University of Delaware men’s track team claims it only wants what is fair

The captain of the men’s track team at the University of Delaware says the University should not be replacing his sport with women’s golf. But Corey Wall says the team’s fight to save the sport is not a battle with golf or the University of Delaware.

The Office of Civil Rights (OCR) inside the U.S. Department of Education will investigate the track team’s complaint that the school violated Title IX rules when it decided it would eliminate the cross-country and spring outdoor track teams.

The letter, which was received Wednesday states: “If OCR determines that a recipient failed to comply with one of the civil rights laws that OCR enforces, OCR will contact the recipient and will attempt to secure the recipient’s willingness to negotiate a voluntary resolution agreement.” It goes on to say: “OCR will monitor the recipient’s implementation of the terms of the resolution…were resolved consistent with applicable civil rights laws.”

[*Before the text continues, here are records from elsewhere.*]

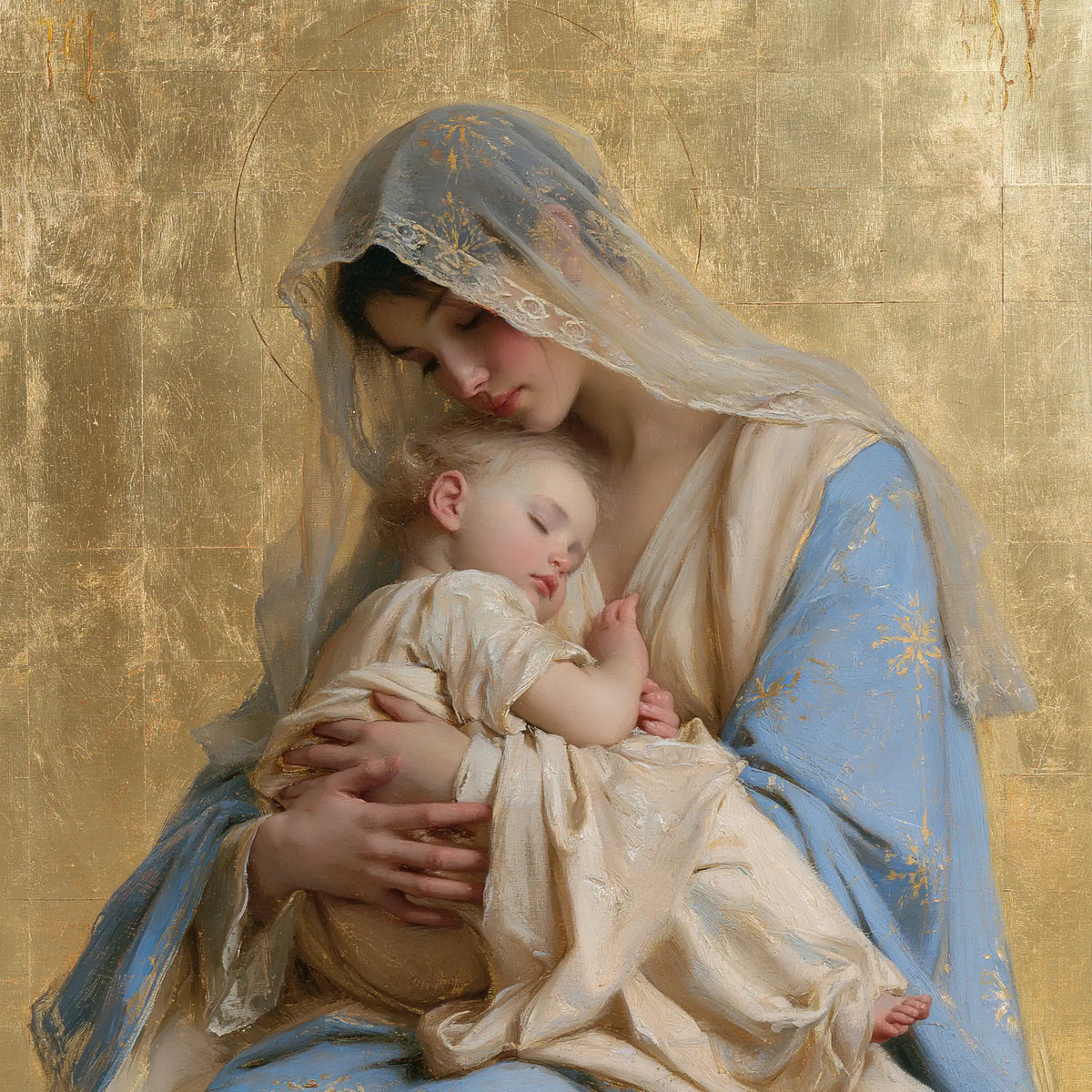 the Virgin Mary with the Child Jesus in Sacred Gold style, square Christian artwork no. 1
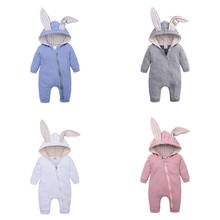2020 Autumn Winter Baby Clothing Newborn Baby Boys Girls Bunny Ears Romper Long Sleeve Clothes Rabbit Overall Zip Warm Jumpsuit 2024 - buy cheap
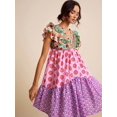 thumbnail image 4 of Multicolor Floral Patchwork V-Neck Ruffle Sleeve A-Line Short Dress For Women, 4 of 8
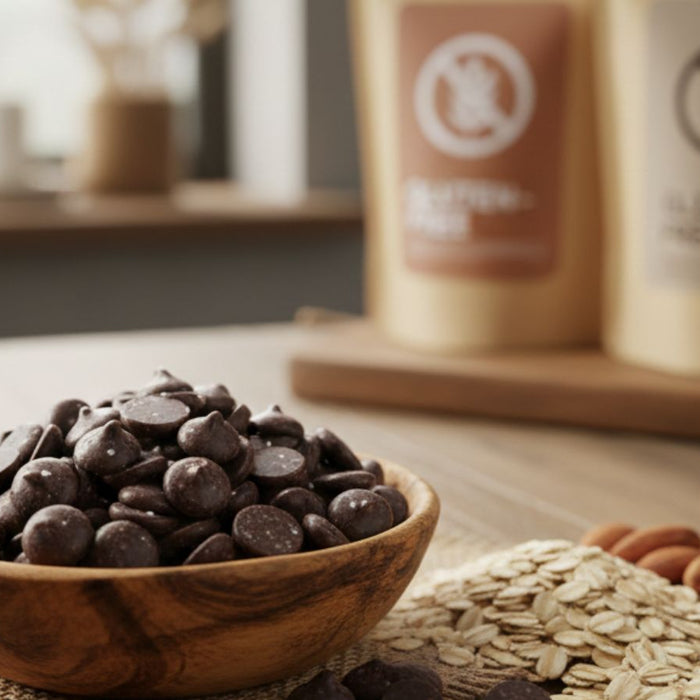 Gluten-free chocolate chips with oats and almonds on wooden table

Wall says he and his team feel vindicated that the OCR is willing to take up their case. He was told there are three possible outcomes. The Civil Rights division could rule there were no violations. The University could go to the track team and work out some kind of settlement or the University can work directly with the OCR to come to an agreement.

Title IX is usually applied in the cases of equal representation of women’s sports. Wall said if you look at the make up of the track team with its 40 members, “it closely represents the student male to female ratios of the University”. He insists the team initiated the complaint because they felt they were being discriminated against. Even though he feels “there’s so little interest in women’s golf” he does not want to make this an either or situation with the sport that the University will introduce in this coming fall semester. In fact, Wall says he’s a big golf fan. His grandfather is Art Wall, Jr. He won the 1959 Masters tournament.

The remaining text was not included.